Y para que los lectores comprendan mejor lo que quiero decir al hablar de “pseudoautoridades”  me remito a una anécdota leída en el libro de un norteamericano –  suizo por su padre e indígena iroqués por su madre criado en una reservación india del estado de Nuevo México –    de nombre Martin Prechtel (Secrets of the Talking Jaguar. Unmasking the Mysterious World of the Living Maya) que vivió 14 años con el pueblo T’zutujil de Santiago Atitlán en los años del conflicto armado (por eso tuvo que “exiliarse” en Estados Unidos),  se casó con una mujer indígena, tuvo familia con ella  y se hizo chamán gracias a las enseñanzas de su mentor, el chamán Nicolás Chiviliú Tacaxoy.   Prechtel relata en su libro cómo fue su llegada  a nuestro país: después de haber sido asaltado en México,   llegó a la frontera de La Mesilla en Huehuetenango sin pasaporte ni dinero. Pidió hablar con el Jefe de Migración para explicar su situación. Le hicieron esperar,  de modo que se puso a tocar su guitarra y a cantar rancheras en español para alegría de los presentes. Cuando el Jefe llegó –estaba “con sus tragos” dice el autor–  le escuchó cantar, le gustó y decidió invitarlo a comer a un lugar cercano. Los subalternos le dijeron que no podría hacerlo porque el “changarro”  estaba adentro del territorio guatemalteco y “el gringo no tiene papeles”. La respuesta del Jefe fue categórica: ¿Qué no tiene papeles? ¡Aquí la autoridad soy yo! ¡Yo hago y doy los papeles! Y él mismo redactó en una hoja de papel sellado la autorización que “La Autoridad” concedía a Prechtel para ingresar a Guatemala. Después de tomar cervezas y divertirse el Jefe le regaló dinero e incluso obligó a un viajero californiano a llevarlo –  “es su paisano así que no puede decir que no” – . Sin embargo,  el “paisano” se negó,  algo que provocó la cólera de esta “Autoridad” local quien de inmediato le conminó,  de manera brutal: “lo lleva o no entra a Guatemala”. Así fue como Prechtel inició su nueva vida en nuestro país,  y, por supuesto, cualquier parecido con la forma como actúan algunas de nuestras “autoridades”  en el Organismo Judicial o en el Ministerio Público es pura coincidencia.

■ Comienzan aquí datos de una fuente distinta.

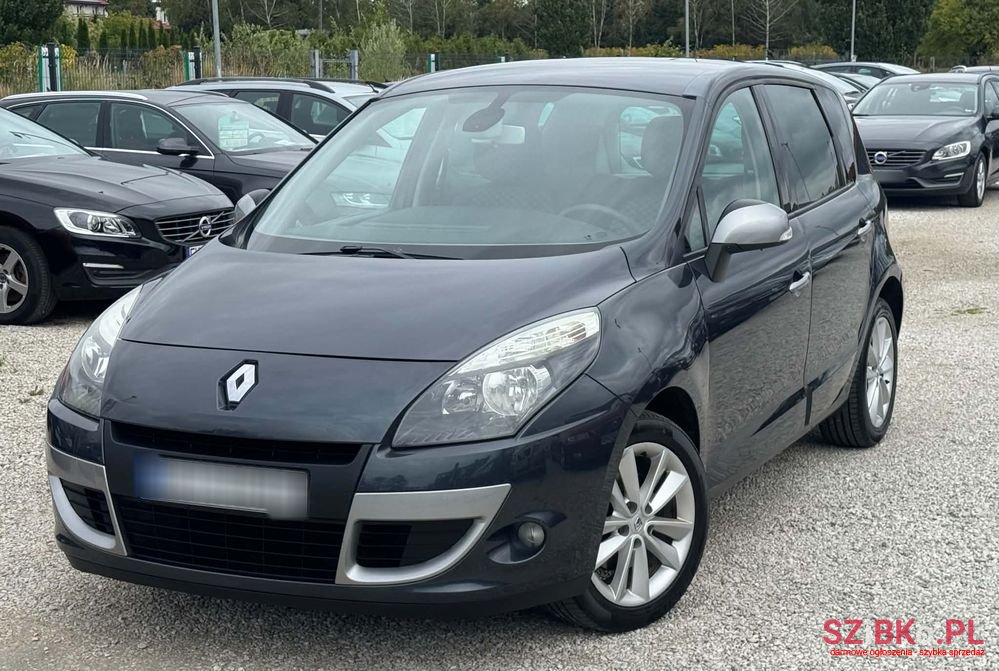 2011' Renault Scenic 1.6 16V 110 Expression photo #3
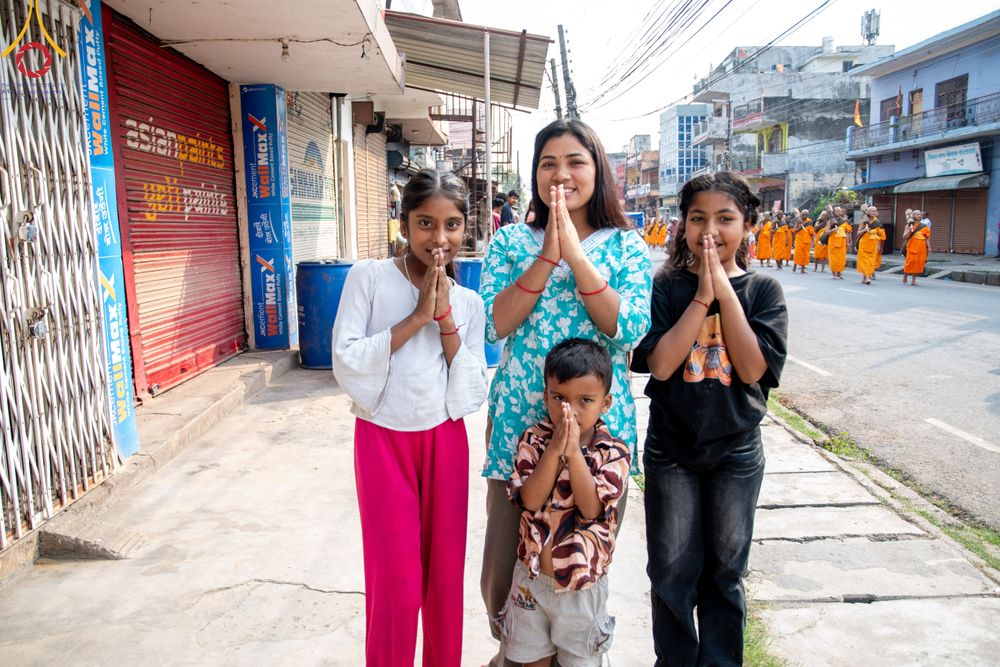 ภาพ No.317030:วันเสาร์ที่ 28 มีนาคม พ.ศ.2569 ธรรมยาตราจาริก ณ ซุ้มประตูลุมพินีเกต(Lumbini Gate) ประเทศเนปาล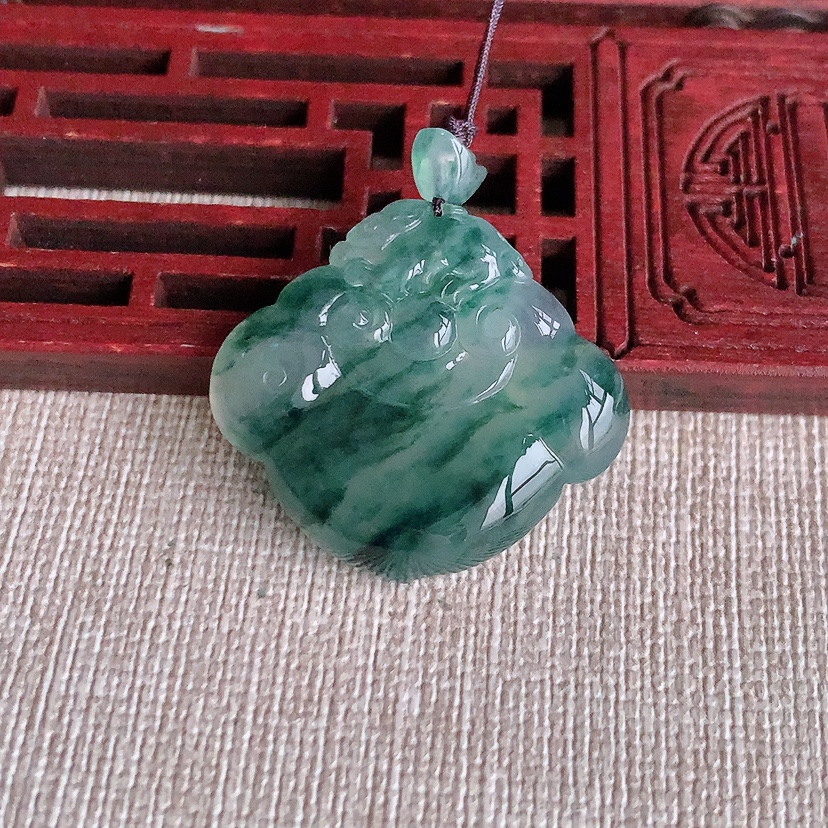 天然A货翡翠飘花如意吊坠 
尺寸26-29.2-6mm 重量8.75g 0326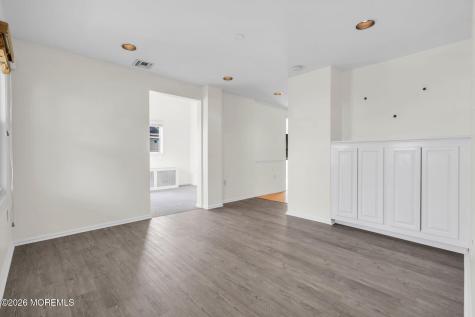 17 Brevent Avenue Leonardo NJ 07737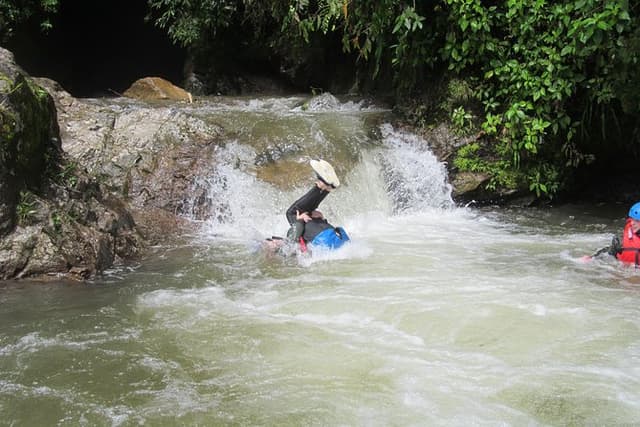 Canyoning - Cashaurco Special offer for Holidays. For a day -Puyo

Un estimado amigo decía en ocasión reciente que en nuestro país existe una contradicción permanente entre lo que dicen las normas y lo que dicen “las autoridades”. Esto es evidente al revisar las últimas resoluciones de la CC o del fiscal Curruchiche obedeciendo las órdenes de la señora Porras, e igual cosa podemos constatar en las decisiones del juez Orellana y otros. Tales pseudo autoridades dicen arbitrariamente lo que no dice la Constitución ni la Ley. Esto viene siendo así desde tiempos de la Colonia (“lo que ordena la Corona desde Madrid aquí se acata pero no se cumple”).  Por eso hay que descolonizar el sistema político, modernizarlo y hacer que la autoridades de este país actúen en concordancia con lo que decía Max Weber cuando hablaba de la autoridad racional del sistema capitalista como contrapuesta a la tradicional (propia del feudalismo y del patrimonialismo) y a la carismática (propia de algunos líderes políticos o religiosos). En conclusión: o modernizamos y racionalizamos el sistema político de Guatemala o nunca tendremos una democracia auténtica. Continuaremos siendo una lamentable “democracia de fachada” en medio de las arbitrariedades que deciden  pseudoautoridades, ilegítimas y antidemocráticas.